D.C. was an absolute dream. I spent nearly every day sitting on the metro doing the Express crossword, walking across town to art galleries and coffee shops, and seeing some of the people I love most in this world. I didn't sleep more than five hours a night, never ate less than three times my body weight a meal, and didn't have a smile leave my face for nearly two straight weeks. I barely took any photos outside of a few professional shoots, but I filled 16 pages of my Moleskine with loopy cursive letters waxing poetic about my home, and everyone in it.
I also spent one day in New York, working the Women Photograph container at Photoville and catching up with friends and family that had come from across the world for the event.

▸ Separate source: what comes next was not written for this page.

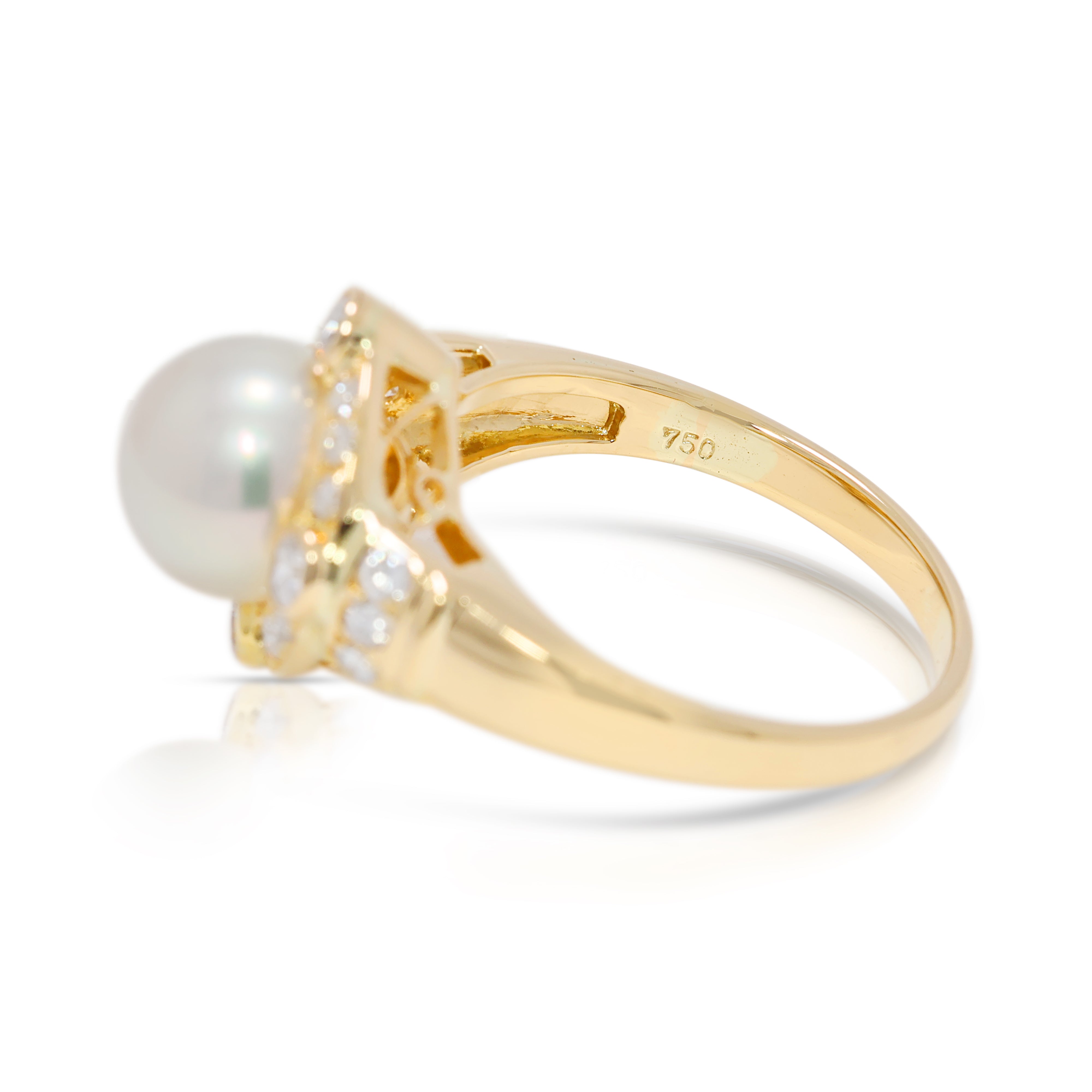 New-Unworn 0.39ct Natural Diamond & Akoya Pearl Ring in 18K Yellow Gold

My Dad even came by, reminding me where my stubborn tendencies come from.
But soon I was on a plane again, this time touching back down in Yangon, where I was greeted by the Yay Kyaw festival for Thadingyut. Sassy boys, blushing girls, and blaring EDM beats filling my street. The first morning I woke up in my own bed it took me a few minutes to realize where I was, but it took me no time at all to realize I was right where I was meant to be.
Sean Gleeson wrote a great piece for Southeast Asia Globe that you can read here. I tagged along during his interview with Ah Moon, who served a perfect combination of attitude, intelligence, and sass during our quick shoot.

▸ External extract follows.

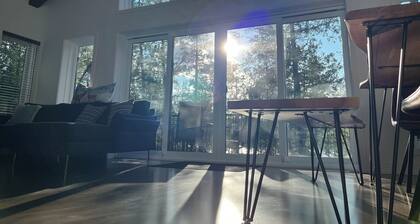 Cottage / Lake House - New - Beautiful views - Clean and comfortable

Frontier Myanmar launched the Doh Athan (meaning "Our Voice" in Burmese) podcast series this month. The weekly episodes will focus on human rights in Myanmar, and will be broadcast in Burmese language. The podcast is the first of its kind in Myanmar and is being produced by two local women. You can follow along here.
The fine folks at National Public Radio picked up one of my stories this month, focusing on the trials and tribulations of the blind community across the globe. I spent three days talking to blind activists in Sri Lanka, the Philippines, Canada, Sierra Leone, and right here in Myanmar. You can read a full version of the story here.

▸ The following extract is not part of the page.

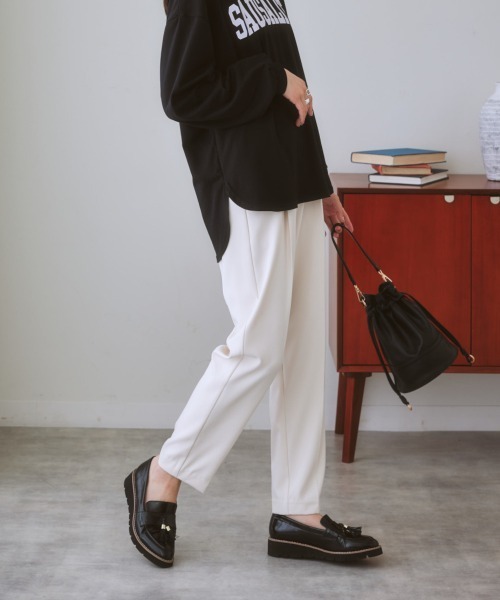 nissen（ニッセン）の「【褒められシルエット】テーパードパンツ（スラックス・レディース・オフホワイト/サックスブルー/グリーン/パープル/ブラック/イエロー/ピンク・M/L/LL/S）」の16枚目の写真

I came home from a work trip to find that Frontier had decided to put my story about Face of Indawgyi on the cover of this week's magazine. A digital version of the story should be out in the next few weeks, but then again you can always subscribe to get instant access.
I spent most of the day yesterday trudging through abandoned train stations in the Irrawaddy Region. Sometimes I was thigh-deep in mud in the middle of a water buffalo field- other times I was sitting next to a stream eating fried field mice. Every time I was amazed at the lingering effects of military rule... and how people have adapted to said effects.
I'm back off to Thailand next week, continuing to work on a story that sent me to the country last week. There might be better wifi, sweeter coffee, and air-conditioned public transportation in Thailand... but nothing beats coming back home to Yangon.